A good speaker takes your event to the next level. But how do you get the most out of the speakers you hire?
Speakers can give your event added value in terms of inspiration and learning, but they can also play an entertainment role (for example, presenters or motivation coaches). Here are some specific points that you will need to address working with speakers:
- The speakers must be aware of the content of your programme. Discuss with them the objectives of your event and the profile of your target group. This will allow the speaker to assess the likely level of their prior knowledge about the subject, so that he can adjust his talk/speech accordingly. Ask if you can have a look at his drafts, so that you can suggest possible amendments, if necessary.
- Involve the speakers in the development of your programme. Agree the running order of the different presentations and the length of time that each should last. Discuss the content of every address with all the other speakers, not just its author. This will prevent repetition or overlapping.
- Agree in advance with the speakers how you will let them know when their time is up. A common method is to set up a discreet light at the back of the room, on which an orange light appears five minutes before the speaker must end, and turns to red when these five minutes have elapsed. Alternatively, you can give a subtle hand signal with a previously agreed gesture.
- It can sometimes be very difficult to keep the public interested for the duration of your programme. Do all you can to ensure that your guests continue to pay attention. Alternate 'difficult' presentations with less serious subjects. Provide sufficient breaks, so that the audience has time to process the information they have just received. If possible, consider the use of a lighter format, such as a mock tv-show or a theatre performance: this can make your message more digestible, without losing any of its force. It is also important to have sufficient breaks. Never place more than three speakers after each other without a pause. As already mentioned, your participants need time to digest such a large body of information. After three speakers, the audience’s concentration level will be falling and their frustration level increasing!
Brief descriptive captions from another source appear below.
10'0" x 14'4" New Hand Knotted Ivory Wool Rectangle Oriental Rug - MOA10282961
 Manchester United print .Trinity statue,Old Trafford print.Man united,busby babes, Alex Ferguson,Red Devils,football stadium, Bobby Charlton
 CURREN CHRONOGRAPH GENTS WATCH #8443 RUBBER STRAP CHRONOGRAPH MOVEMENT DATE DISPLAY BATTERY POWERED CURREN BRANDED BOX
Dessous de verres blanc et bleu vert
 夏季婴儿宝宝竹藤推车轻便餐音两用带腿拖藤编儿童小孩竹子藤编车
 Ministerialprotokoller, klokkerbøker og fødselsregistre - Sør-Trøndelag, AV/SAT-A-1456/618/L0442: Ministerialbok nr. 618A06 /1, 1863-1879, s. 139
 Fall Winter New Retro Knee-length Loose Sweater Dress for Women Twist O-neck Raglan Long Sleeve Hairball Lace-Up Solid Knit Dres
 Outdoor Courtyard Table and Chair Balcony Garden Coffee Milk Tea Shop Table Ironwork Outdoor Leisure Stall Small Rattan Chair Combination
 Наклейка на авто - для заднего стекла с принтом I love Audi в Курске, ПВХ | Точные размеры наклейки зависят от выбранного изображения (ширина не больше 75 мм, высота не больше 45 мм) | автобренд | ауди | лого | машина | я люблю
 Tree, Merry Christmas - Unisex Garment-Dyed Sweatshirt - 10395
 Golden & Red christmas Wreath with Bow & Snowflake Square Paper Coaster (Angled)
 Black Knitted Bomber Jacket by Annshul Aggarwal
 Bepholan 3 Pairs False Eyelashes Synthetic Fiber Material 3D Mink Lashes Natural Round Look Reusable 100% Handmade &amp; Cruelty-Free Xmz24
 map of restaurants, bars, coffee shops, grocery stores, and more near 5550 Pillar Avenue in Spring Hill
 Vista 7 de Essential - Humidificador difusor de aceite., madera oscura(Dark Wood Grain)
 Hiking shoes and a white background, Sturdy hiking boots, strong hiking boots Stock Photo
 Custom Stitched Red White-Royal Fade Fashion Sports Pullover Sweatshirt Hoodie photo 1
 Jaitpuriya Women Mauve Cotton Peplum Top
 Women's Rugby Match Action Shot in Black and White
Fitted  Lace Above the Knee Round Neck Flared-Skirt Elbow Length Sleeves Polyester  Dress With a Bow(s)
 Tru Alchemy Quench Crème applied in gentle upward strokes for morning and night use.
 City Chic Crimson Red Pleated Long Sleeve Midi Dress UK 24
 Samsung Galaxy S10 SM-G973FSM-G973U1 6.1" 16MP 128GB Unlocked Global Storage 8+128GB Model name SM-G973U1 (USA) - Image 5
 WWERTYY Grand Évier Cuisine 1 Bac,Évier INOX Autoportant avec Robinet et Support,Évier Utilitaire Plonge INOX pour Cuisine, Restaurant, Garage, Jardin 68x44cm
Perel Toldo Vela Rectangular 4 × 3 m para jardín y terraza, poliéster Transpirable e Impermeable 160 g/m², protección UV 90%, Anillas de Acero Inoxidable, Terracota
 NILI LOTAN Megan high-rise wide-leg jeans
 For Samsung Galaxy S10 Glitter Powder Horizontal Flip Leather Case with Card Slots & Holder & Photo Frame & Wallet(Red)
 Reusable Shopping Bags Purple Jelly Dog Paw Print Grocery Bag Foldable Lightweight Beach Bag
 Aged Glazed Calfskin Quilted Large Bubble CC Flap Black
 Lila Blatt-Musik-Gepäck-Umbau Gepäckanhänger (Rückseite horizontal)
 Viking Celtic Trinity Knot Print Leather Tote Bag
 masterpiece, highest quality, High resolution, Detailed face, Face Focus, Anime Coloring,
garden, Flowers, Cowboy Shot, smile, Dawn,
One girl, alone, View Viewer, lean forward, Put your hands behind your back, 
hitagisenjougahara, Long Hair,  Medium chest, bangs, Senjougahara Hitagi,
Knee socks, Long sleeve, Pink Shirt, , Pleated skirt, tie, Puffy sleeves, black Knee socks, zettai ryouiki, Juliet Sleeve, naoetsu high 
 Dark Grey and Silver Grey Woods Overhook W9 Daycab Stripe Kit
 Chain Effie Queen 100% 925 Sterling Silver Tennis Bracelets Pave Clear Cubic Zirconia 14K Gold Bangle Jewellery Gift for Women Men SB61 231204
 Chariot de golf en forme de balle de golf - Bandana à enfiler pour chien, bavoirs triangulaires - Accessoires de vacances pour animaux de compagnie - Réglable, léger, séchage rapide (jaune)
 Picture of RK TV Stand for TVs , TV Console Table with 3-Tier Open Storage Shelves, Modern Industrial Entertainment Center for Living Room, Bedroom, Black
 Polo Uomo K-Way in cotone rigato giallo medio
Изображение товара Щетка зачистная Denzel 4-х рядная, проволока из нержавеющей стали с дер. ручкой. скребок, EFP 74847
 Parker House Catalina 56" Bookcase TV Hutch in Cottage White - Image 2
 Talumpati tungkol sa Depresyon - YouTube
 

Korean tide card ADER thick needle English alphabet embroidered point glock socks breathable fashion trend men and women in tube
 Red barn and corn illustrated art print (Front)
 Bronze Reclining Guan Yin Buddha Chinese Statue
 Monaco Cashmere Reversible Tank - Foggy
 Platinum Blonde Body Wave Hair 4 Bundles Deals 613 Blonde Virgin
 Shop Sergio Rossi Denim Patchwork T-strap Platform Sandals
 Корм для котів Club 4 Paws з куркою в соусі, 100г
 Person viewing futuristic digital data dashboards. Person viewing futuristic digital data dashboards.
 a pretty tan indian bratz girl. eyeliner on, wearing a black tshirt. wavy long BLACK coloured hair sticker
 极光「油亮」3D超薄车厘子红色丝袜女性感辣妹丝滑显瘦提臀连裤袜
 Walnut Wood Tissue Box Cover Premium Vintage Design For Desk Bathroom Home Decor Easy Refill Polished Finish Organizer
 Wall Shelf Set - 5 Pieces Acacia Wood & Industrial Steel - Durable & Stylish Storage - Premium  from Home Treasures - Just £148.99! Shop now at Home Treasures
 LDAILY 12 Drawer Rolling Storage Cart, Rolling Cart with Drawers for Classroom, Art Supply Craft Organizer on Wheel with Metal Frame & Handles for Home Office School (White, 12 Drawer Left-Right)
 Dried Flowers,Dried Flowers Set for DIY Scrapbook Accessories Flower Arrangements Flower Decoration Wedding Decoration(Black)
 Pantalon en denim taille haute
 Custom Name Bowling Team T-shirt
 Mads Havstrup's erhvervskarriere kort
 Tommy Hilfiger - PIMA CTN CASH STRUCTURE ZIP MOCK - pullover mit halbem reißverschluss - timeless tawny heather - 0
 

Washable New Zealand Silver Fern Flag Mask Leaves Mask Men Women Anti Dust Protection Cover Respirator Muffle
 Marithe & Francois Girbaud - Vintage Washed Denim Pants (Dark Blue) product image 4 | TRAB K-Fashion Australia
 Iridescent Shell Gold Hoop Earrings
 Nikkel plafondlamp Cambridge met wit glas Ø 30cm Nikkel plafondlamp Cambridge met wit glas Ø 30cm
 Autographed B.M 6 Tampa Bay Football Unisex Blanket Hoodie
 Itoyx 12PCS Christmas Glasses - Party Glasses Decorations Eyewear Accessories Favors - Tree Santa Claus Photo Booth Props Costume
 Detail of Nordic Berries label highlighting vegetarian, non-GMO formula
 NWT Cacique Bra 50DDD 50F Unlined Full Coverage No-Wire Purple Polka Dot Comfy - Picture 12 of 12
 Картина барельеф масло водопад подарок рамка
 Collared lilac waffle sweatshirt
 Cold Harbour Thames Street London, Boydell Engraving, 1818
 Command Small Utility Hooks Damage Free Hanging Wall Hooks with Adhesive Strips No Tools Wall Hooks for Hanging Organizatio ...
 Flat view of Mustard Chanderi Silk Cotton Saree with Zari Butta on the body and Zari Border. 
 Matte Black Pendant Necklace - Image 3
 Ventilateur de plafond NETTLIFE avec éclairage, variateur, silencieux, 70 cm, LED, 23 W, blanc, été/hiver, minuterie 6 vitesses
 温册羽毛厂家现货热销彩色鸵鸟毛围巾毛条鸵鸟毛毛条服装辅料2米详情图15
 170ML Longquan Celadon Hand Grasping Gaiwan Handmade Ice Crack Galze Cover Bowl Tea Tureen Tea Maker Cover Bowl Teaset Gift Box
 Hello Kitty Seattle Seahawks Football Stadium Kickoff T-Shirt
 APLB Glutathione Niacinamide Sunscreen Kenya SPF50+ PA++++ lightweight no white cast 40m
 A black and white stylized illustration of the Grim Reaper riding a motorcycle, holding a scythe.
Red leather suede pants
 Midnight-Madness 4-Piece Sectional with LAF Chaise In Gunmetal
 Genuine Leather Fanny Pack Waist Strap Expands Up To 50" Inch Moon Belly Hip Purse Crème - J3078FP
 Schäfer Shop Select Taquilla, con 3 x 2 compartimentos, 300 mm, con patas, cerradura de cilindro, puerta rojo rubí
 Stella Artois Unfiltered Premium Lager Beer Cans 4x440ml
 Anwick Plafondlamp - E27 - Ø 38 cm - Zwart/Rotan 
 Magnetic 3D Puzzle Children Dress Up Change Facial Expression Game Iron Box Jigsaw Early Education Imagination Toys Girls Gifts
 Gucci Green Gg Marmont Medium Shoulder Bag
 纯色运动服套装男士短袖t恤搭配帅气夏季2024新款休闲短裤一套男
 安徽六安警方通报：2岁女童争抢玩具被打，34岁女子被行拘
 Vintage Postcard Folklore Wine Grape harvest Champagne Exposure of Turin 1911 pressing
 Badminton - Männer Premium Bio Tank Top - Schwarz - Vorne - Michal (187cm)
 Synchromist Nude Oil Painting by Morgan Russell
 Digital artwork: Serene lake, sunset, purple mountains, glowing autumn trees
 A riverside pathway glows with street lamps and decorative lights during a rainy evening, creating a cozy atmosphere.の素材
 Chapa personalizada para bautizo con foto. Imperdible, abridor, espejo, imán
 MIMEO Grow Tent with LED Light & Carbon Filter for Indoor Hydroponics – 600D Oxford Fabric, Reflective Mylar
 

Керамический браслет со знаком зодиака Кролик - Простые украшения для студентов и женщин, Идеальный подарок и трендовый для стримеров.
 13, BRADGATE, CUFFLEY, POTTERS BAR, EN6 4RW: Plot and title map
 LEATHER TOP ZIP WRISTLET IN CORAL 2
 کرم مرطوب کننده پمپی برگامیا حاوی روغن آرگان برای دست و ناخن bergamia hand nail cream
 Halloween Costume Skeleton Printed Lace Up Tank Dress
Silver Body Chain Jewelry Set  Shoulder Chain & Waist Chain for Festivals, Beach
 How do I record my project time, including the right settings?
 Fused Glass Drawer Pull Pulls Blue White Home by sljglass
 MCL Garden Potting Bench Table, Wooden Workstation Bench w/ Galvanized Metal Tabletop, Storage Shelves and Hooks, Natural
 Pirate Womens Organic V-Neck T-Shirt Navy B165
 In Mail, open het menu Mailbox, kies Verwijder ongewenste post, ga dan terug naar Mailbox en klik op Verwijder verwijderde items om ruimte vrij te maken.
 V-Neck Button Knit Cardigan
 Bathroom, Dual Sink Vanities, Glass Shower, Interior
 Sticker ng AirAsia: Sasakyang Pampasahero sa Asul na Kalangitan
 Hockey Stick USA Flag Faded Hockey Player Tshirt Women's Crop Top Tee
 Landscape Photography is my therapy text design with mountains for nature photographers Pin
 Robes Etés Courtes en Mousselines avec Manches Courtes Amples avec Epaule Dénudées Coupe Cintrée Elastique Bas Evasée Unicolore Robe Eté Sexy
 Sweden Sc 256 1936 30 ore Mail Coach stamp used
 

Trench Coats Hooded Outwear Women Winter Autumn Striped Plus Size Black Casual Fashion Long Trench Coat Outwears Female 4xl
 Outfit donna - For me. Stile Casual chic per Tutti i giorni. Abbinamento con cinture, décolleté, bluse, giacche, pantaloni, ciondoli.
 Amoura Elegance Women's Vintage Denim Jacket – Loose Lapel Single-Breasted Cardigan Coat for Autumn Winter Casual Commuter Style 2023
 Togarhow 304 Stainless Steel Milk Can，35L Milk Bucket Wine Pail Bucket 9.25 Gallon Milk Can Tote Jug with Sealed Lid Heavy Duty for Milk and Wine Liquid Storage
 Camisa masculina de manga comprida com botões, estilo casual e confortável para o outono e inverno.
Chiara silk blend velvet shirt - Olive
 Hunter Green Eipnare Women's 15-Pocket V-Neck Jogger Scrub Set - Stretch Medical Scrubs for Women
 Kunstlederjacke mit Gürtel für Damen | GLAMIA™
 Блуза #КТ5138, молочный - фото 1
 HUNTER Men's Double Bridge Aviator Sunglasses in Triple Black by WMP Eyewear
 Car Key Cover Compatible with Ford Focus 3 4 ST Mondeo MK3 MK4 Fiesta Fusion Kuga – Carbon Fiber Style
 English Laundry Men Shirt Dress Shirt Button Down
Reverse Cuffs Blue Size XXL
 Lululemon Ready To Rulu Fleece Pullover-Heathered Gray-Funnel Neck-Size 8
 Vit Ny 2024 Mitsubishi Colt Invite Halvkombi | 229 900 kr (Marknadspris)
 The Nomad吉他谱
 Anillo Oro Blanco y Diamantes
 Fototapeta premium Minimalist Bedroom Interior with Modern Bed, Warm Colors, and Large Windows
TIP! A There are very few speakers who are capable of keeping a large audience enthralled for more than 15 minutes. So why do we always allocate them 30-45 minutes? 10 minutes per speaker, with an added 5 minutes for audience interaction, is more than enough.
- Double-check the presentations on the laptop that is actually going to be used on the day of the event. It is embarrassing if you are unable to start up a funny film or show a clever slide at the right moment.
- During the lunch break many participants do more than just eat. They are also busy networking. The moment after the lunch break is therefore very important. Most people’s energy levels are still low. Programming a difficult subject at this moment will send most of your guests into sleep mode. So choose something light and invigorating instead!
TIP! A Have the slides in your presentation(s) designed by a professional. A poor presentation can be fatal to the standing of your event. Make sure that the styles of the different presentations are compatible with each other and support your central theme. This gives a unity to your message and will enhance its strength.